→ Study material
--- START ---
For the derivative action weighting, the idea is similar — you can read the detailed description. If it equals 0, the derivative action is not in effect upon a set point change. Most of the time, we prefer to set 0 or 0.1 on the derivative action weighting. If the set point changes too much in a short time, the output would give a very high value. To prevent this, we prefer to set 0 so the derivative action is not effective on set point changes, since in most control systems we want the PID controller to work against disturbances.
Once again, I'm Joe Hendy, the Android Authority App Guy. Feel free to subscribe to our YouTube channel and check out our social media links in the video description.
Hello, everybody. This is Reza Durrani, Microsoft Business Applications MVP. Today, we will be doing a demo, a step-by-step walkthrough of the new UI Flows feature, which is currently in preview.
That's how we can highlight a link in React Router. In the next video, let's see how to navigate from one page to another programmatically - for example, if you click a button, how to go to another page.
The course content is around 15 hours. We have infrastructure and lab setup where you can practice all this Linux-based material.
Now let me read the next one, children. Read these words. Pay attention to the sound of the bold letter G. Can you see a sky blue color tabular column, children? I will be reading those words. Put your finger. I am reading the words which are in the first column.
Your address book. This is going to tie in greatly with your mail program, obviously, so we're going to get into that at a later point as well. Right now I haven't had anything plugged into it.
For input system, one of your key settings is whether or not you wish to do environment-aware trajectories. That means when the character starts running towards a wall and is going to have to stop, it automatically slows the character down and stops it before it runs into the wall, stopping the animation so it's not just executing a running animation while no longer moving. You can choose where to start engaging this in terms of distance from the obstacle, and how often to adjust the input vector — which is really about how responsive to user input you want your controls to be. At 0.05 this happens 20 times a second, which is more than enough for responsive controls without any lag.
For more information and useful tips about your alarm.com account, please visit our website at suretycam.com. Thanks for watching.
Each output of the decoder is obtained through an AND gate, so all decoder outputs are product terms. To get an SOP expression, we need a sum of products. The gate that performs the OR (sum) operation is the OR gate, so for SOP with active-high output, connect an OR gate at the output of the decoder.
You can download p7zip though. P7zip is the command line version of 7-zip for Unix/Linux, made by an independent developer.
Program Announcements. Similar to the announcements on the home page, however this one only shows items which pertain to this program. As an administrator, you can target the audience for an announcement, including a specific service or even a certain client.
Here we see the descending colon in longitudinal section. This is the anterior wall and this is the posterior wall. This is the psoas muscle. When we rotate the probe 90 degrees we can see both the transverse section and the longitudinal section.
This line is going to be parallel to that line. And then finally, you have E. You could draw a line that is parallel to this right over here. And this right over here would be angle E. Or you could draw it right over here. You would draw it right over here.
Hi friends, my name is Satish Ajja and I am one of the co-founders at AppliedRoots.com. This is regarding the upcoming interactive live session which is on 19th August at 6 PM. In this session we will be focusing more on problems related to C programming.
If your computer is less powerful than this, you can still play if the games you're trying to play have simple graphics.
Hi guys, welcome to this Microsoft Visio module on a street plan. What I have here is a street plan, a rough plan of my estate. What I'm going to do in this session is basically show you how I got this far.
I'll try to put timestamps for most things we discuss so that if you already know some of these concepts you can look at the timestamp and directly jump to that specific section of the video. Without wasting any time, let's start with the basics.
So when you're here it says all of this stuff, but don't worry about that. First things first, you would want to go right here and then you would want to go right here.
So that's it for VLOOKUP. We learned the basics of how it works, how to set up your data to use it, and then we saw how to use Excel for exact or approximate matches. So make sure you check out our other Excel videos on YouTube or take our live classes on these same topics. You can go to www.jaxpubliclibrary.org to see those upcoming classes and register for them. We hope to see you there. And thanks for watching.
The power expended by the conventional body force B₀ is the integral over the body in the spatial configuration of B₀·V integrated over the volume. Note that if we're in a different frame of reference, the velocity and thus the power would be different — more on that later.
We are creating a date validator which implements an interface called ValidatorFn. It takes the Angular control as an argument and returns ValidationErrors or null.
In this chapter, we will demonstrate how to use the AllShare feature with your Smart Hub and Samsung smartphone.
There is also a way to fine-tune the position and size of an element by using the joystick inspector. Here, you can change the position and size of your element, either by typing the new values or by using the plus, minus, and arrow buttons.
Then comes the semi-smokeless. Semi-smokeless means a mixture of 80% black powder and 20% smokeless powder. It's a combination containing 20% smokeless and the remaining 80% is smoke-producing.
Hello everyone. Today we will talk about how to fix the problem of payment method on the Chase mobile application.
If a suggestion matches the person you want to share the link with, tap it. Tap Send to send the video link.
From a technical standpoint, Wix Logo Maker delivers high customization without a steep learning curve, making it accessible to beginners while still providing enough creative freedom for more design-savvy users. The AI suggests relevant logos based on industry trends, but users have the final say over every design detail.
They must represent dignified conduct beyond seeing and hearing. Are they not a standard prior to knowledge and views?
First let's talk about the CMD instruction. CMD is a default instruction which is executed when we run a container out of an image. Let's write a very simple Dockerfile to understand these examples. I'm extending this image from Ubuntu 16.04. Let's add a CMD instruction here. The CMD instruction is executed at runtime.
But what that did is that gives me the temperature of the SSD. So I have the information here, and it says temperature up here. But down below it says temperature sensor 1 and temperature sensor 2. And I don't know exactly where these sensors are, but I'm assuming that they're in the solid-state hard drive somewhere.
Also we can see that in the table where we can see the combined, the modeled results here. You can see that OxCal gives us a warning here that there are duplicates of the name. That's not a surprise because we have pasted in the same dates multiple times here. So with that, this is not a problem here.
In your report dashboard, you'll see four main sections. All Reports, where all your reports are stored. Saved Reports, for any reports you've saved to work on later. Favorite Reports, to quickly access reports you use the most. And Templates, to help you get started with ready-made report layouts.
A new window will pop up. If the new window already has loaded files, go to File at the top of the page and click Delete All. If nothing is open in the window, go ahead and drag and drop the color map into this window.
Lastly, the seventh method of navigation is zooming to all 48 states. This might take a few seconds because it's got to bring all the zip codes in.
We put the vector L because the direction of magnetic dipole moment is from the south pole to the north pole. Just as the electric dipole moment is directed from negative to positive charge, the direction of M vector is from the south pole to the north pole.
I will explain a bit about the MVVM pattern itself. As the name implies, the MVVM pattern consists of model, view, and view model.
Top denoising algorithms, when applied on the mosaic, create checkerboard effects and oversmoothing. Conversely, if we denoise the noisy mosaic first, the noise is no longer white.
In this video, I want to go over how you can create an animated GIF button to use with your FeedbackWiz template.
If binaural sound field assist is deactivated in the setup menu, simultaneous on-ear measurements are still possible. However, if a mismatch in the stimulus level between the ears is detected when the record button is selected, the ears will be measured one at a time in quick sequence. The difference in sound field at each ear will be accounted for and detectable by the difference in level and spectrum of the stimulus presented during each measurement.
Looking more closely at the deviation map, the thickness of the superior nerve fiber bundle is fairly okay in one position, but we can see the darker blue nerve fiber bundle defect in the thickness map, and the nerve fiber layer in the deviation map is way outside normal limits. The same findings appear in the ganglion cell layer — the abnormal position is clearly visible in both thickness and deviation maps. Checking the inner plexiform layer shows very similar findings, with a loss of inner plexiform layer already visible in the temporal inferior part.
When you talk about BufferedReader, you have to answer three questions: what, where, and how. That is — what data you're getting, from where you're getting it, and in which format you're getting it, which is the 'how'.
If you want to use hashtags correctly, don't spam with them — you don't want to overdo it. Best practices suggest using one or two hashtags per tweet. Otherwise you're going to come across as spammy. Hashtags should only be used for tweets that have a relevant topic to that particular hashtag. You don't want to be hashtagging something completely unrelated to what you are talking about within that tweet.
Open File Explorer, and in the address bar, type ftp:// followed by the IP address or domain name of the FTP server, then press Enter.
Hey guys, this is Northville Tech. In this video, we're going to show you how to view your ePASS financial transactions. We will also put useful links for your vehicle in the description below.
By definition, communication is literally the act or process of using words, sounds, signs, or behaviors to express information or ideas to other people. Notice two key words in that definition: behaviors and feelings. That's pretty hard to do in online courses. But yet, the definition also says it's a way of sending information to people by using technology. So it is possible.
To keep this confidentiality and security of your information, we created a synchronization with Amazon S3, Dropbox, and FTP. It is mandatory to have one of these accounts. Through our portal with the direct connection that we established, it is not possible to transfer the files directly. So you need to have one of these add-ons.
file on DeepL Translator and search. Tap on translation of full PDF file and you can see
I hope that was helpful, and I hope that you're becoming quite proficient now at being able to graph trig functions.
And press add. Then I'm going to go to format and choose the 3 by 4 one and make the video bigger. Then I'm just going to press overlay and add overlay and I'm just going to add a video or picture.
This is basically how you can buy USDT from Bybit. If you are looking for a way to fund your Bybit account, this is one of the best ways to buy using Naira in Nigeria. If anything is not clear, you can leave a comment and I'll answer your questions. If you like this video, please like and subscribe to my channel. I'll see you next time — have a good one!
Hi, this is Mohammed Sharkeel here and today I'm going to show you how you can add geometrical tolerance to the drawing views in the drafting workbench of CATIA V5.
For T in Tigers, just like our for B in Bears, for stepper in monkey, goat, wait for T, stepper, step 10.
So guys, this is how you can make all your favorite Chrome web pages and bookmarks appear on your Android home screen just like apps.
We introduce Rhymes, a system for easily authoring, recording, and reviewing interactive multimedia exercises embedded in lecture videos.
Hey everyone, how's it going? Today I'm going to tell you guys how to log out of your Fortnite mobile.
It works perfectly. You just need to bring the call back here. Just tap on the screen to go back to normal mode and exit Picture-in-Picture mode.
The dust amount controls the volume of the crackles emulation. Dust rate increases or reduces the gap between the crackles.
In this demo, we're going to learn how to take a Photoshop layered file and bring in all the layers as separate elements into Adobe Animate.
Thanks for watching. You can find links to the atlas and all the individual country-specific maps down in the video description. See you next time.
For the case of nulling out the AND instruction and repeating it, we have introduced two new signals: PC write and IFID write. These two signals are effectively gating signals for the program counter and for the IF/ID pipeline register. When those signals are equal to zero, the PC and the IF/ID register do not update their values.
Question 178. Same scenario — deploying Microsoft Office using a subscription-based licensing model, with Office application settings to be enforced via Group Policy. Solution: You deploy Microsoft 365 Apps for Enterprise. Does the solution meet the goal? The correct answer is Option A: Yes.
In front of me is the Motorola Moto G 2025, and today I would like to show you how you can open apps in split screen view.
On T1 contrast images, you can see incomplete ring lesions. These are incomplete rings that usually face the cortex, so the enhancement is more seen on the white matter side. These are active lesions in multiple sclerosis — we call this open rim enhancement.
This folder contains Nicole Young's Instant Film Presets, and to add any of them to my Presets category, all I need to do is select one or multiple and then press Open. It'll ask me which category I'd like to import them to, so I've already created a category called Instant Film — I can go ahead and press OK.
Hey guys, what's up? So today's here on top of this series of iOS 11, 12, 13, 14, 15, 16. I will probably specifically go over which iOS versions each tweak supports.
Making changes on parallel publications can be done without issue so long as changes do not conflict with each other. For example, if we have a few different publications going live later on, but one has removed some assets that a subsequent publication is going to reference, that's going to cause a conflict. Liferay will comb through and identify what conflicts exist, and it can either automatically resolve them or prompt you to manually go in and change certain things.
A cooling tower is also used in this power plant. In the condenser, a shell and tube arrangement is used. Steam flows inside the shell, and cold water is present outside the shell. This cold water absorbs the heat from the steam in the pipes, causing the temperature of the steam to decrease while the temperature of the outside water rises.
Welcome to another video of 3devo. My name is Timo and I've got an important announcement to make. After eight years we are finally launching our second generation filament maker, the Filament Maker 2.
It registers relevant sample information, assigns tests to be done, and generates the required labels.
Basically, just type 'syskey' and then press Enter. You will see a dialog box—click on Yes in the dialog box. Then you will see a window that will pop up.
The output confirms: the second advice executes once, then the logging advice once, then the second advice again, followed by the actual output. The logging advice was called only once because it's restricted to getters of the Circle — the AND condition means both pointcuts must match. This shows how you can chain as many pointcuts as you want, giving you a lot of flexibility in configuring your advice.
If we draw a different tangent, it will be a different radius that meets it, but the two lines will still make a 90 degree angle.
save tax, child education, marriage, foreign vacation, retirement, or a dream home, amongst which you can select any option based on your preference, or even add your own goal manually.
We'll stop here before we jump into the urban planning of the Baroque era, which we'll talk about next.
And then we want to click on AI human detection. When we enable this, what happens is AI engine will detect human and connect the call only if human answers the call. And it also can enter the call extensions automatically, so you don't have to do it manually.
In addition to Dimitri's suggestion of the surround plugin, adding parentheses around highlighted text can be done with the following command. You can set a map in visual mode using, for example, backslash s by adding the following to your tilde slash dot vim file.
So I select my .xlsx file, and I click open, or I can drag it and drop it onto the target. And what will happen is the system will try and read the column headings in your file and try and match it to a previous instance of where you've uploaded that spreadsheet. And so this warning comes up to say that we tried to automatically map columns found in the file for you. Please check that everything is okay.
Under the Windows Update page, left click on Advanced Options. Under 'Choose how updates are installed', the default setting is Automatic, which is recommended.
--- END ---
→ What you will do
Write down again, exactly as given, only the lines above that fall from the line with "In this demo, we're" to the line with "Thanks for watching. You", inclusive.

→ Response to this exercise
In this demo, we're going to learn how to take a Photoshop layered file and bring in all the layers as separate elements into Adobe Animate.
Thanks for watching. You can find links to the atlas and all the individual country-specific maps down in the video description. See you next time.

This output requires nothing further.